Há 20 anos, familiares e amigos de Isabela Negri Cassani enterraram o corpo da adolescente, estuprada e morta exatamente em um 24 de outubro como este. Nesta quinta-feira, é o Espírito Santo que pode sepultar o inquérito que apurava o assassinato da menina de apenas 15 anos. Mesmo após mais de 50 exames de DNA e dez delegados, a saga por justiça deve chegar ao fim com a prescrição do crime, sem nenhum suspeito indiciado.

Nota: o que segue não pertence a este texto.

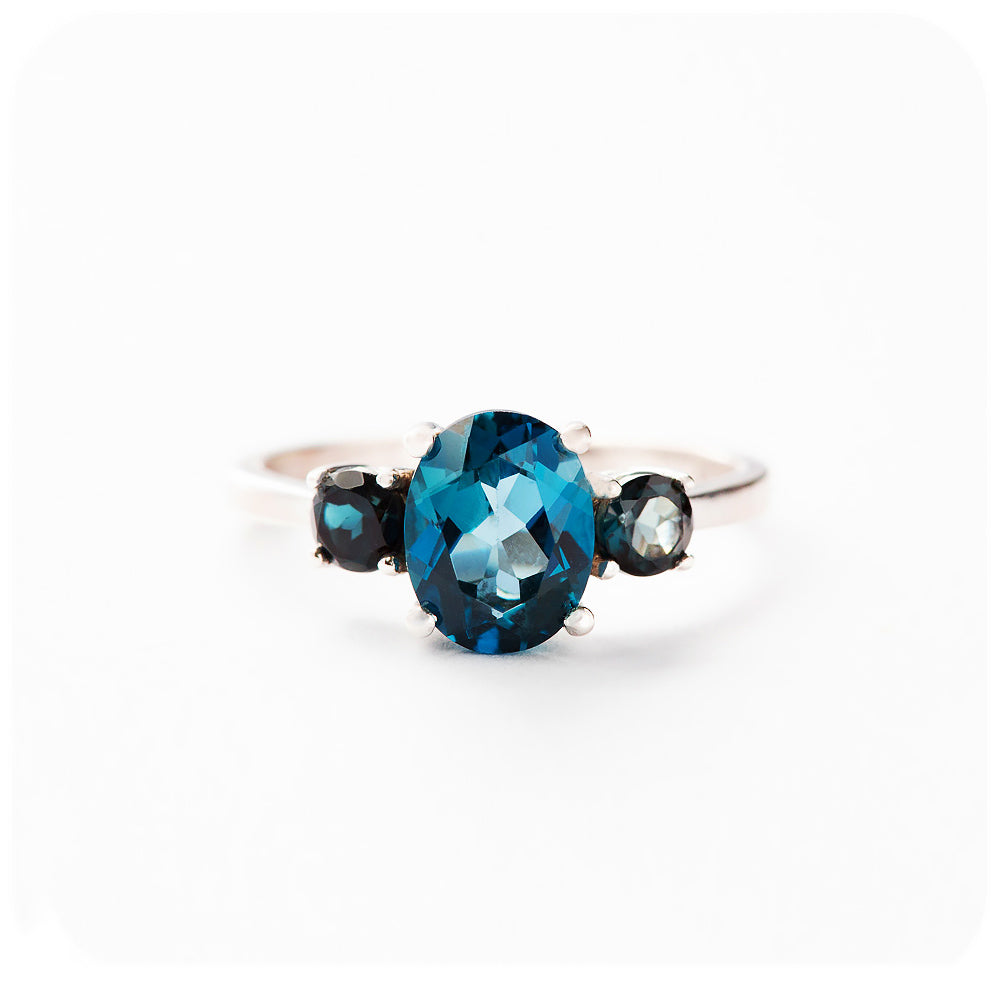 Oval cut London Blue Topaz Trilogy Anniversary Ring - Victoria's Jewellery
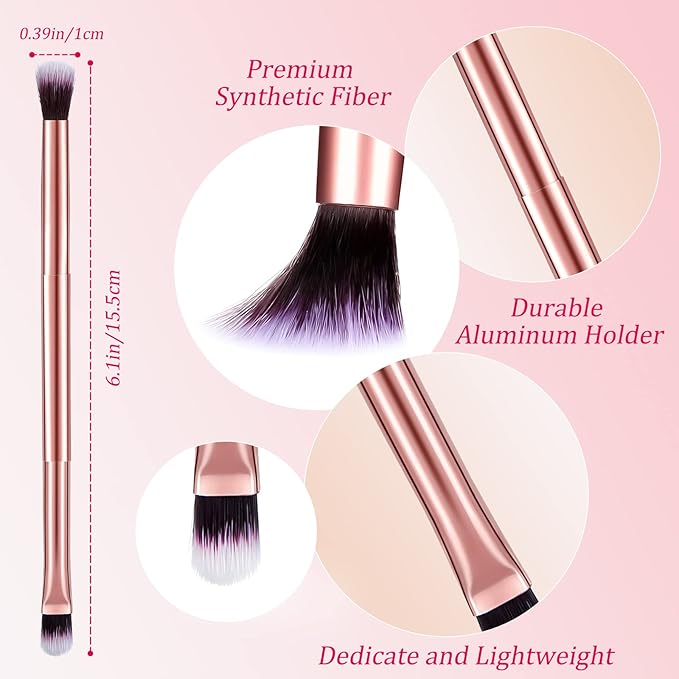 6 Pcs Eyeshadow Smudge Brush 2-in-1 Eyeshadow 2 Double Ended Make Up Brush Concealer Cosmetics Under Eye Small Soft Firm Pointed Foundation Makeup Applicator for Blending Eye Shadow Liner-VivaGrace Women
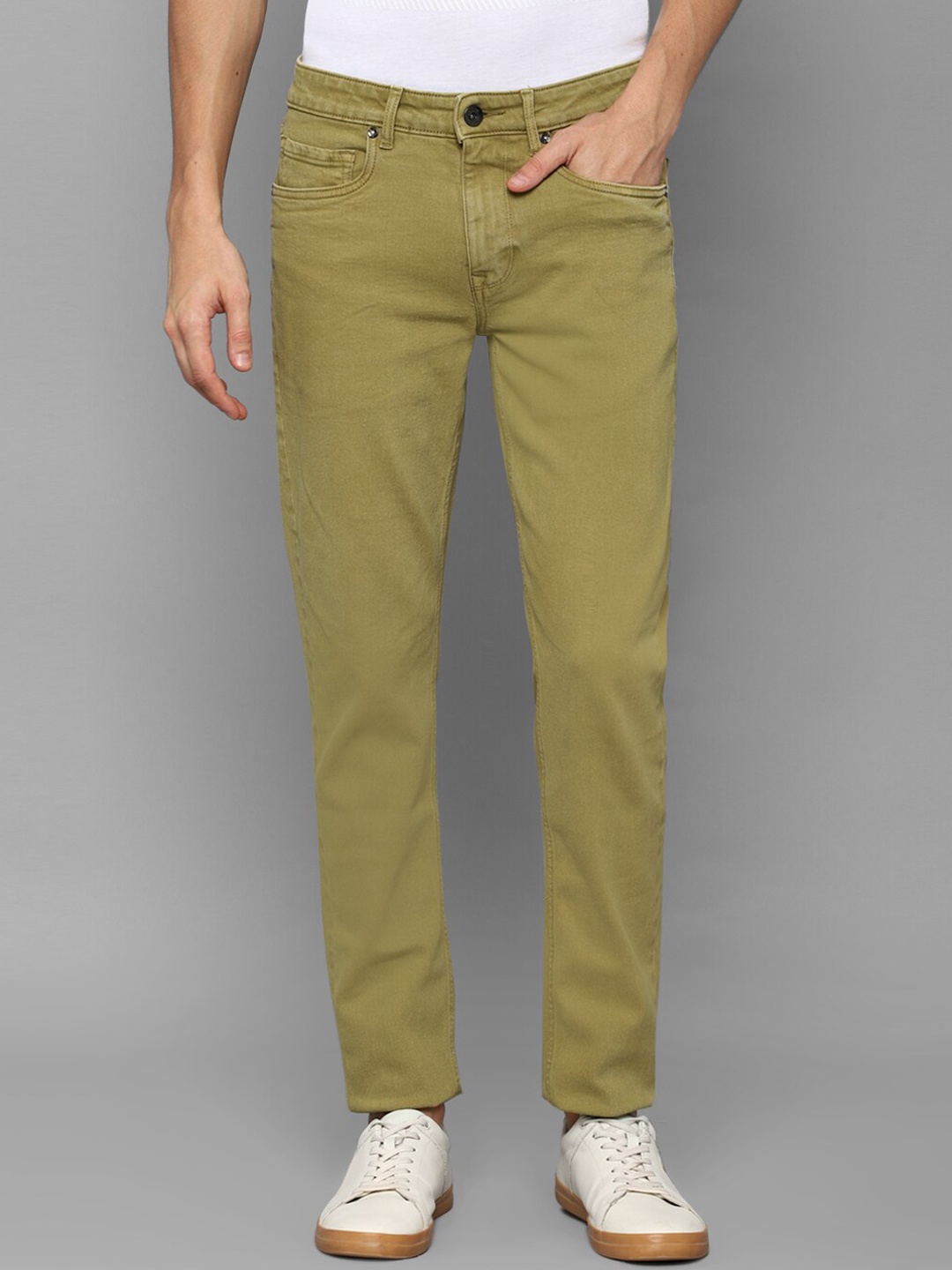 

Louis Philippe Jeans Men Olive Green Cotton Slim Fit Jeans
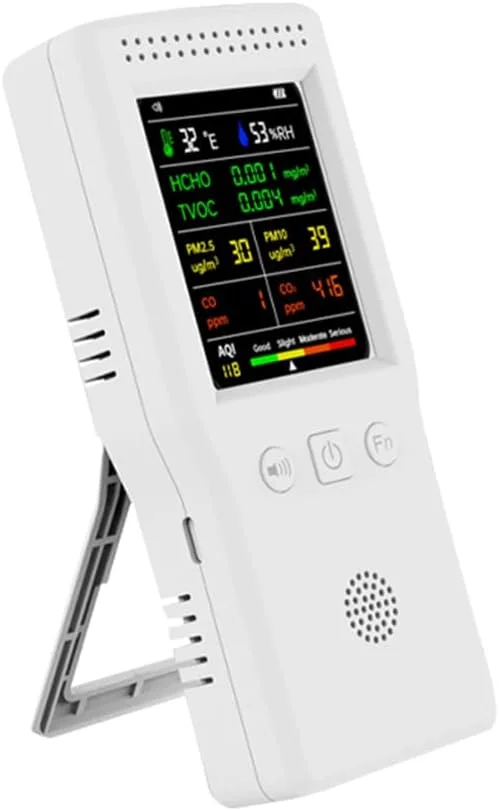 دستگاه تشخیص کیفیت هوای قابل حمل 9 در 1، دما، رطوبت، PM2.5، PM10، HCHO، TVOC، CO، CO2، AQI، دستگاه تشخیص کیفیت هوای چند منظوره، صفحه نمایش رنگی LCD با نور پس زمینه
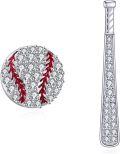 wholesale 925 Sterling Silver Baseball & Bat Design Cubic Zirconia Stud Earrings for Women-0-0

A morte brutal de Isabela deixa algumas lições dolorosas para o Brasil em seu caminho para frear a impunidade, sem dúvida um dos combustíveis da violência e da corrupção. Se não é possível dizer que o Estado foi omisso diante da tragédia, já que a investigação continuou até o último minuto, também não se pode ignorar as pontas soltas que podem ter livrado o culpado - ou os culpados, nunca se saberá - da justa punição.
O último delegado a presidir o inquérito, e que não poupou esforços para chegar ao autor, foi enfático ao reconhecer as falhas procedurais, que nada têm a ver com tecnologias obsoletas. “Esqueceram de fazer o óbvio”, disse José Lopes, chefe do Departamento Especializado em Homicídios e Proteção à Pessoa (DHPP), sobre descuidos imperdoáveis da polícia, como não refazer o trajeto da vítima na noite em que foi espancada, estuprada e morta.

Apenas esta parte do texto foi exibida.